Work required => Print nothing beyond the line with "Casa em Condomínio": every line from the beginning of the data up to it, that line included, and no pictures.

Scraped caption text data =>
*** Block opens ***

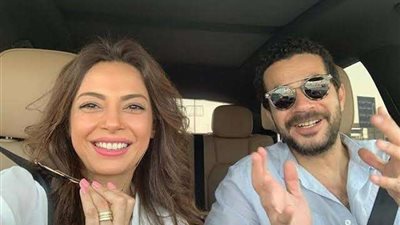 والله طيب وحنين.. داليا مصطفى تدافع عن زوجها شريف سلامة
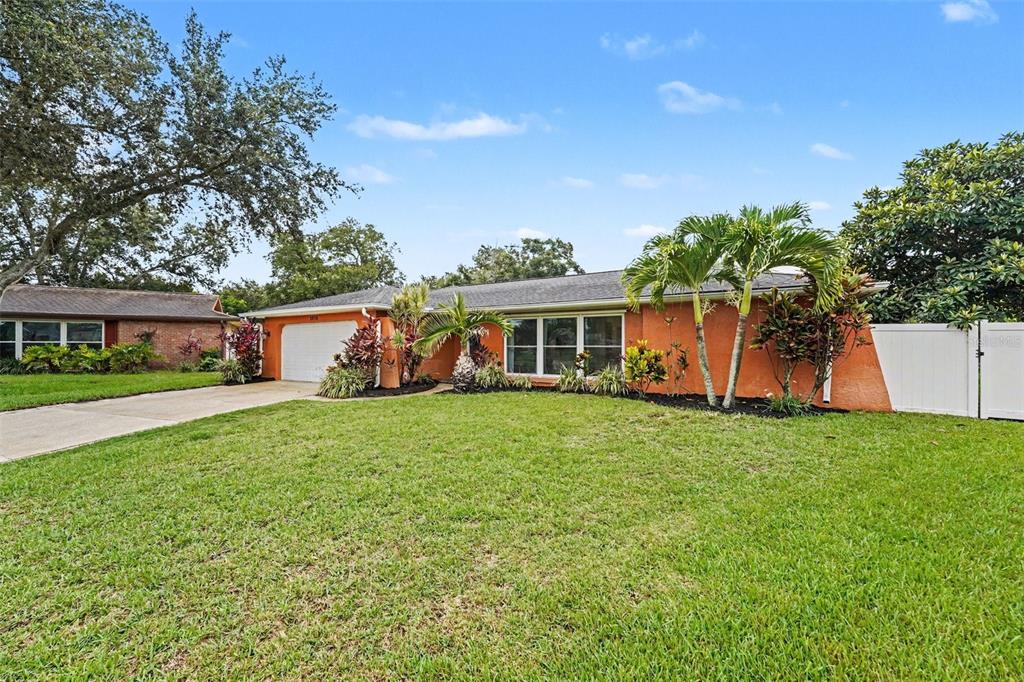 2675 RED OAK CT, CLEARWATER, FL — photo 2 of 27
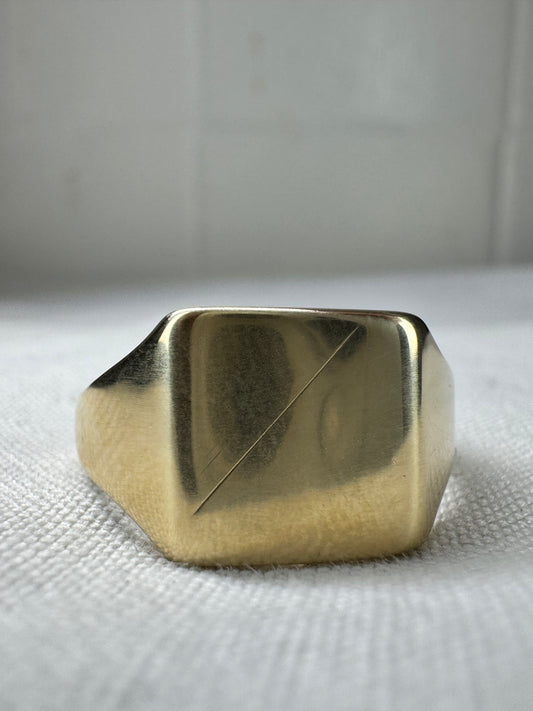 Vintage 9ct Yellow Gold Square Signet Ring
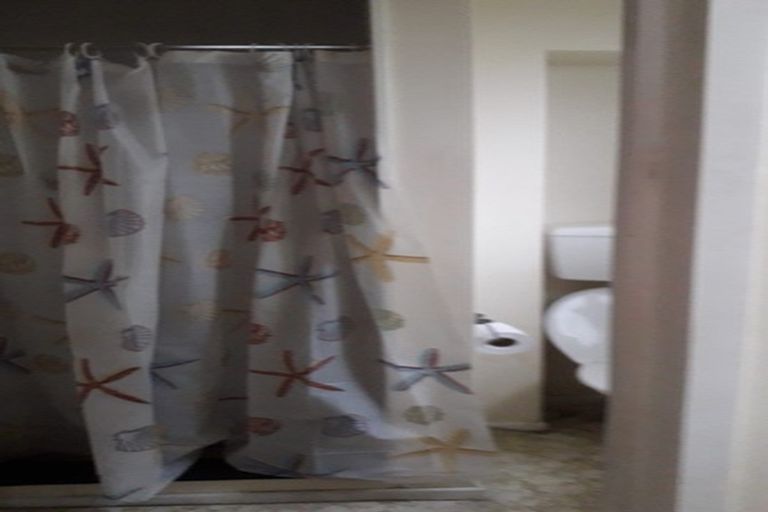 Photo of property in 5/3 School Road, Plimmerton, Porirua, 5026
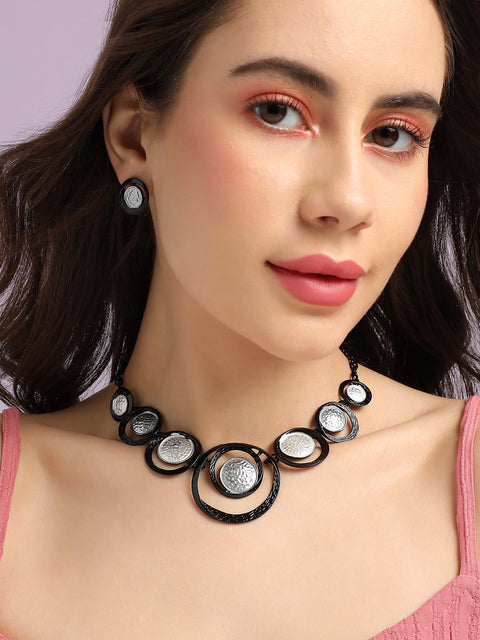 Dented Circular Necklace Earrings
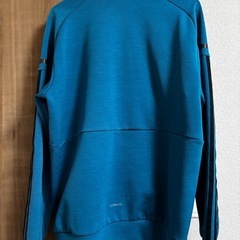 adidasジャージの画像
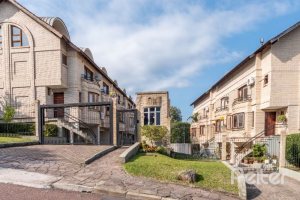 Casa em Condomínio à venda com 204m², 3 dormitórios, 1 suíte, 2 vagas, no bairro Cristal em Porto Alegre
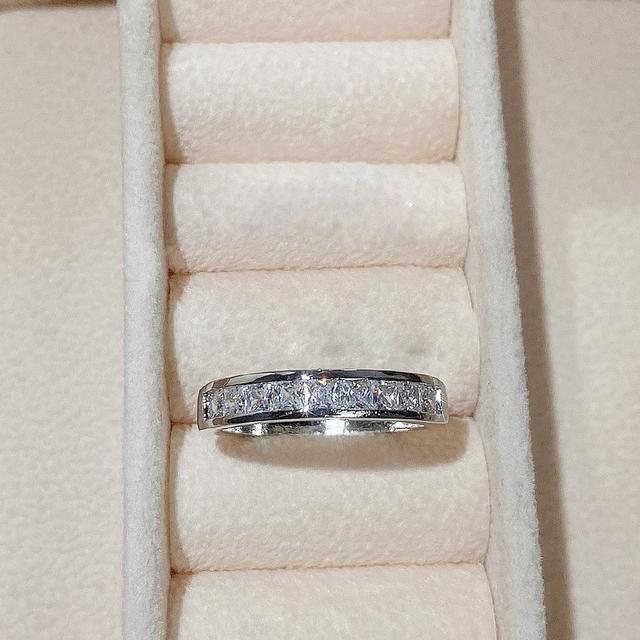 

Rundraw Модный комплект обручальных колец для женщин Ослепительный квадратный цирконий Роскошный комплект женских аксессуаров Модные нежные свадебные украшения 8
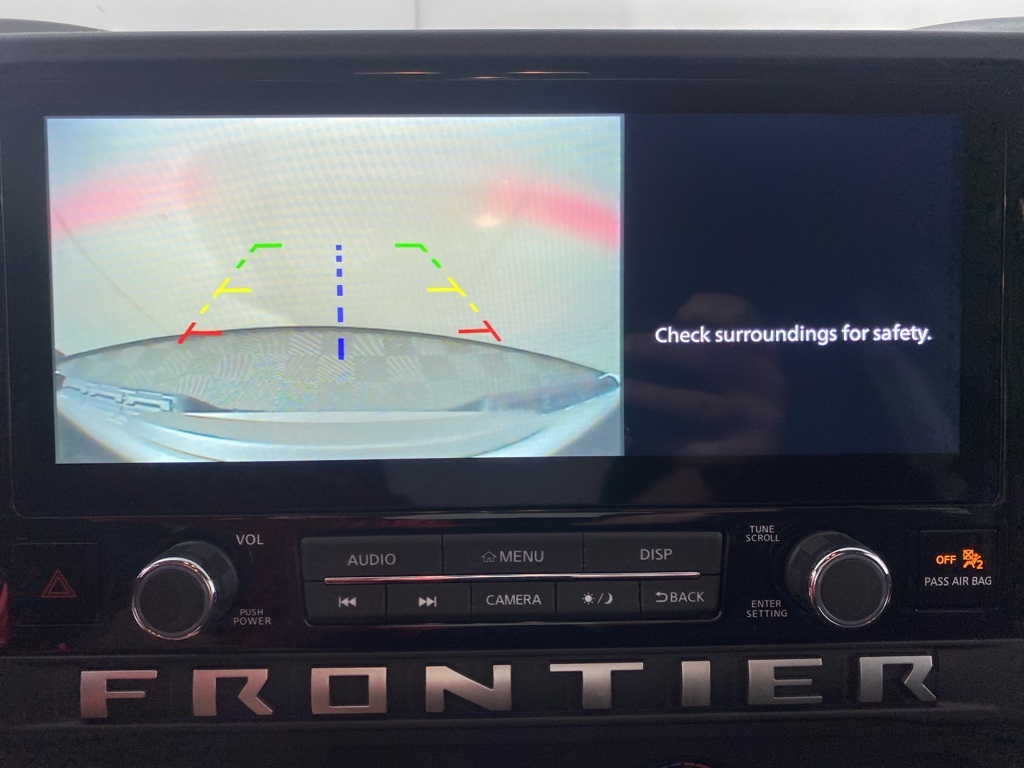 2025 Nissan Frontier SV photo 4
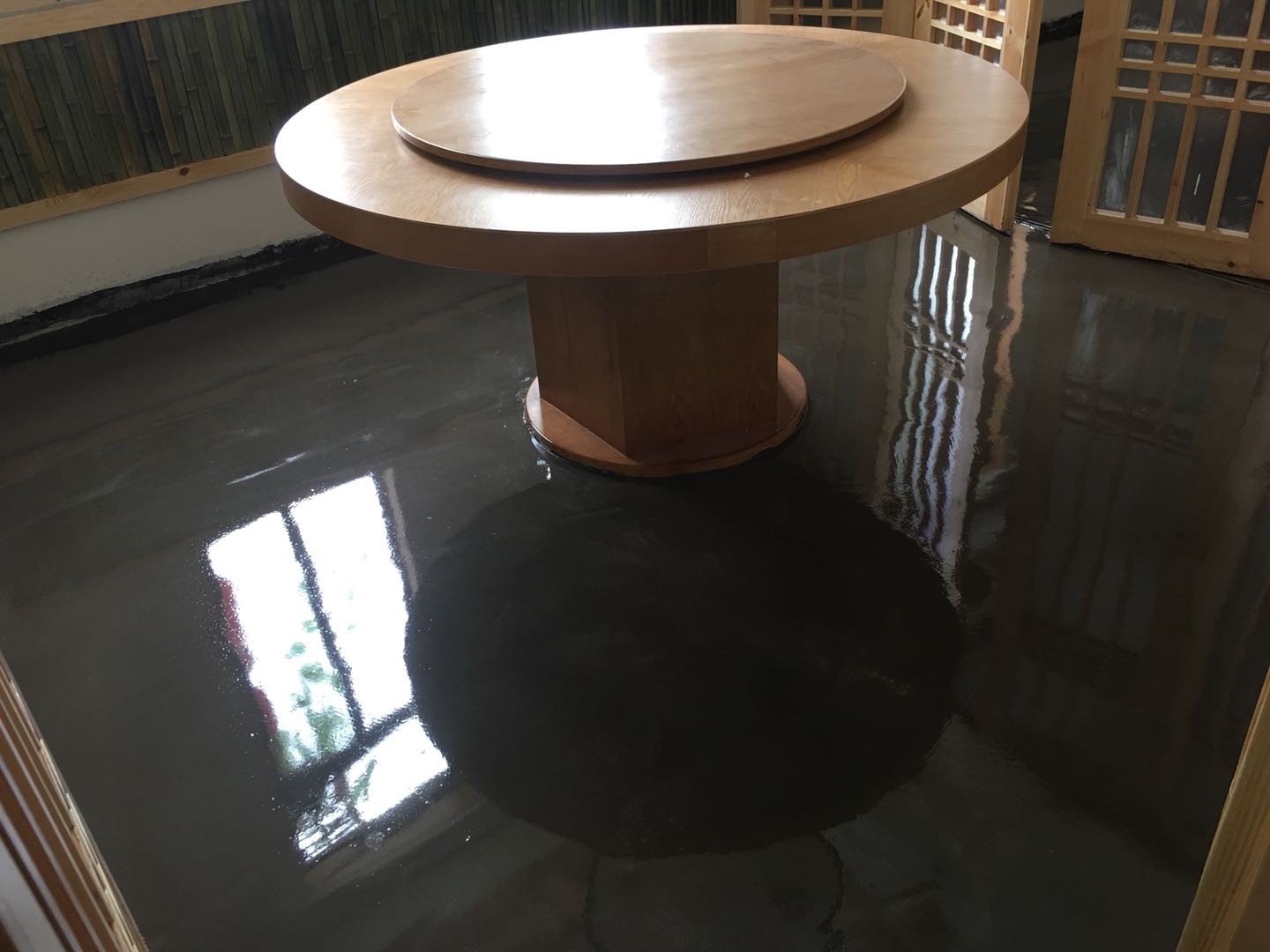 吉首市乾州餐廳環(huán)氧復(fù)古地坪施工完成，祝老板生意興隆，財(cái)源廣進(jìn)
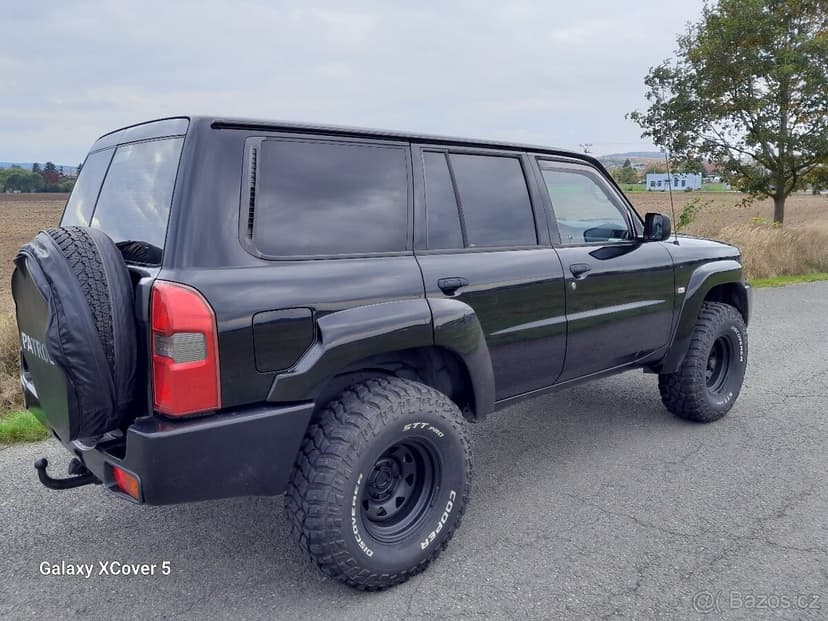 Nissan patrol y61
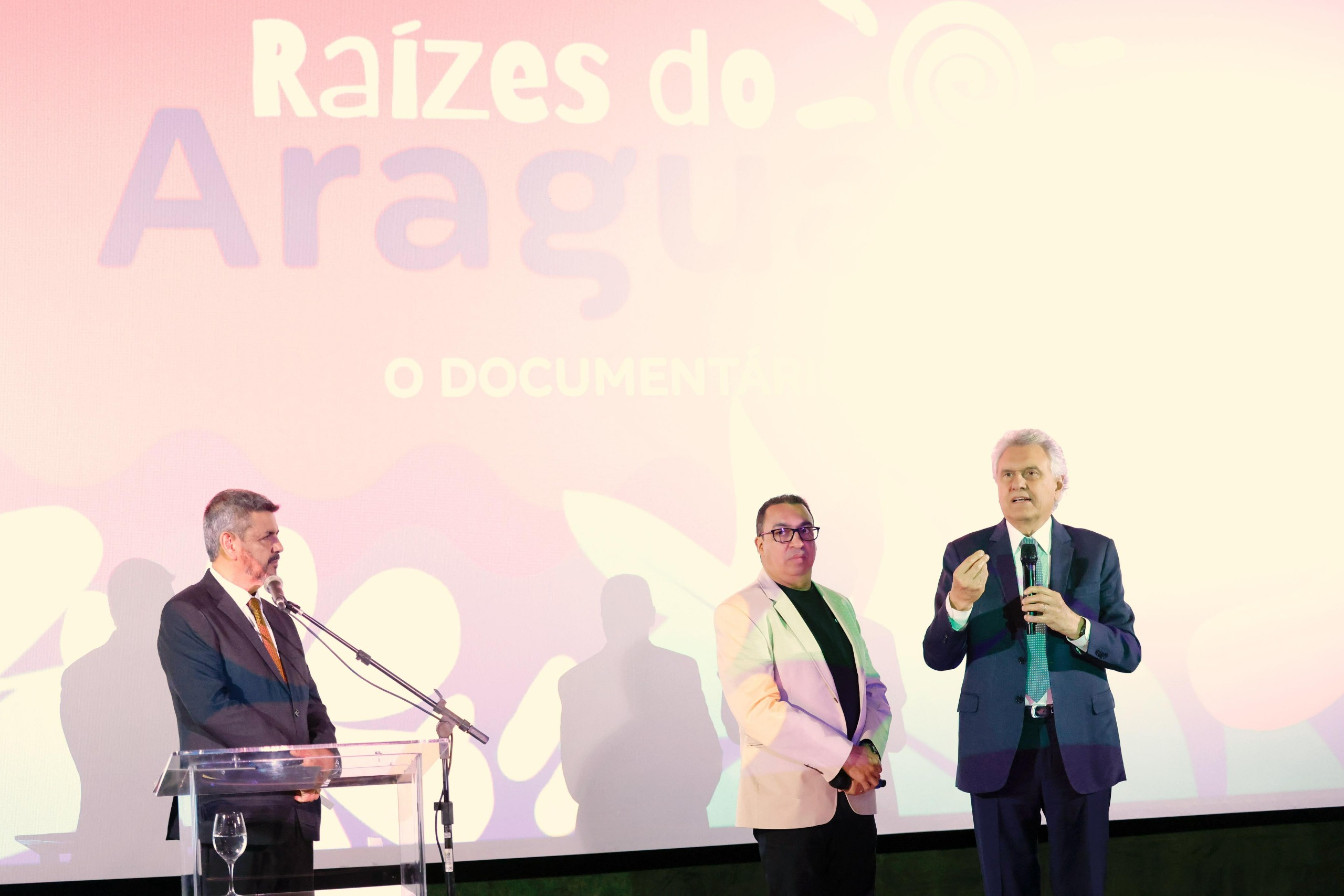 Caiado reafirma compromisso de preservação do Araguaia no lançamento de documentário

*** Block closes ***

Completed task =>
 والله طيب وحنين.. داليا مصطفى تدافع عن زوجها شريف سلامة
 2675 RED OAK CT, CLEARWATER, FL — photo 2 of 27
 Vintage 9ct Yellow Gold Square Signet Ring
 Photo of property in 5/3 School Road, Plimmerton, Porirua, 5026
 Dented Circular Necklace Earrings
 adidasジャージの画像
 Casa em Condomínio à venda com 204m², 3 dormitórios, 1 suíte, 2 vagas, no bairro Cristal em Porto Alegre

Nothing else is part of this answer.